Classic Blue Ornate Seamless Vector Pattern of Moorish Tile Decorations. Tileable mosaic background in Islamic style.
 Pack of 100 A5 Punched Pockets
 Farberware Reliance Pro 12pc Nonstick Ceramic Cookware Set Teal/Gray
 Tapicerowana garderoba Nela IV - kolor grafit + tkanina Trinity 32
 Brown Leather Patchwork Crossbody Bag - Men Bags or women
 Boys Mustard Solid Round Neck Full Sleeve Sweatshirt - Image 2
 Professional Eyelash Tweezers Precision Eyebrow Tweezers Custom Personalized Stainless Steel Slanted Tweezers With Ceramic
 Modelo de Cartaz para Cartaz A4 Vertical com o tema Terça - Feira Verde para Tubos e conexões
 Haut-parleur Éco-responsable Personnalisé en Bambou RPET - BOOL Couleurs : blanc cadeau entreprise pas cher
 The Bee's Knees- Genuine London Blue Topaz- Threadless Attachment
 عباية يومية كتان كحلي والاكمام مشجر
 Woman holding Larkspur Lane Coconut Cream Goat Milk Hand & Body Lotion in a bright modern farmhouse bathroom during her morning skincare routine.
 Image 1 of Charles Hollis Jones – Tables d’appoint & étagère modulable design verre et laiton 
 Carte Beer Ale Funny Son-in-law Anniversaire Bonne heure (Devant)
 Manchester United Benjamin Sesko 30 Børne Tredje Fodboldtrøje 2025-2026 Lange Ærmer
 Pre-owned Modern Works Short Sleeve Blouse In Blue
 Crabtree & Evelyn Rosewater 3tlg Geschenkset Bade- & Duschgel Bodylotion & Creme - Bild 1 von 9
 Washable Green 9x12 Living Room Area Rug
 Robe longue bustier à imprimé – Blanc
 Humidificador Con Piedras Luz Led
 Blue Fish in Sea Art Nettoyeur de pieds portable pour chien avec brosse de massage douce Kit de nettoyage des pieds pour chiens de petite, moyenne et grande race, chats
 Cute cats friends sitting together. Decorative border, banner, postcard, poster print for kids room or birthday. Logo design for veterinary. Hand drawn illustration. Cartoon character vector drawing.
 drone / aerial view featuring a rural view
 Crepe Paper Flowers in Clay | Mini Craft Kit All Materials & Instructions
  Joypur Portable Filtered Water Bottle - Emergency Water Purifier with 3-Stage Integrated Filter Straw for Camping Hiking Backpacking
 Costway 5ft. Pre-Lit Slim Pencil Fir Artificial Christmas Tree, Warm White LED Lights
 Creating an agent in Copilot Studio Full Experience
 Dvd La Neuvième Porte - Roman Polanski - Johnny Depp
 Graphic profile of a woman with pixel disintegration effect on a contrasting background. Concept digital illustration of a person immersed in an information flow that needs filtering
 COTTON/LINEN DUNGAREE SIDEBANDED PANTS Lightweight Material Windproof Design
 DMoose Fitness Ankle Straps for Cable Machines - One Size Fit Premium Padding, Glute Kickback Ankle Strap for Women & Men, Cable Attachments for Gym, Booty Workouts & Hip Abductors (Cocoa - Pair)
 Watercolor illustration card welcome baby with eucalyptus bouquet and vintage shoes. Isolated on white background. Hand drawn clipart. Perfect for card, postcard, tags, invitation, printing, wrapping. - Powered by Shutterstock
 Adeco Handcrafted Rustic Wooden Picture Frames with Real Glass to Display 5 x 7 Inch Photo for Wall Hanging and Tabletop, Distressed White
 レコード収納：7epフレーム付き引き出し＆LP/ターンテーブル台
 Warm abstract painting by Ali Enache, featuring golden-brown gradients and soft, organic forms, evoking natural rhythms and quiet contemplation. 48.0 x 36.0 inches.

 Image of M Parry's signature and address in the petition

- TASK GOAL
Please restate only the opening stretch of the records above: every line from the first through the one containing "عباية يومية كتان كحلي والاكمام مشجر", exactly as written.

- EXERCISE OUTPUT
Classic Blue Ornate Seamless Vector Pattern of Moorish Tile Decorations. Tileable mosaic background in Islamic style.
 Pack of 100 A5 Punched Pockets
 Farberware Reliance Pro 12pc Nonstick Ceramic Cookware Set Teal/Gray
 Tapicerowana garderoba Nela IV - kolor grafit + tkanina Trinity 32
 Brown Leather Patchwork Crossbody Bag - Men Bags or women
 Boys Mustard Solid Round Neck Full Sleeve Sweatshirt - Image 2
 Professional Eyelash Tweezers Precision Eyebrow Tweezers Custom Personalized Stainless Steel Slanted Tweezers With Ceramic
 Modelo de Cartaz para Cartaz A4 Vertical com o tema Terça - Feira Verde para Tubos e conexões
 Haut-parleur Éco-responsable Personnalisé en Bambou RPET - BOOL Couleurs : blanc cadeau entreprise pas cher
 The Bee's Knees- Genuine London Blue Topaz- Threadless Attachment
 عباية يومية كتان كحلي والاكمام مشجر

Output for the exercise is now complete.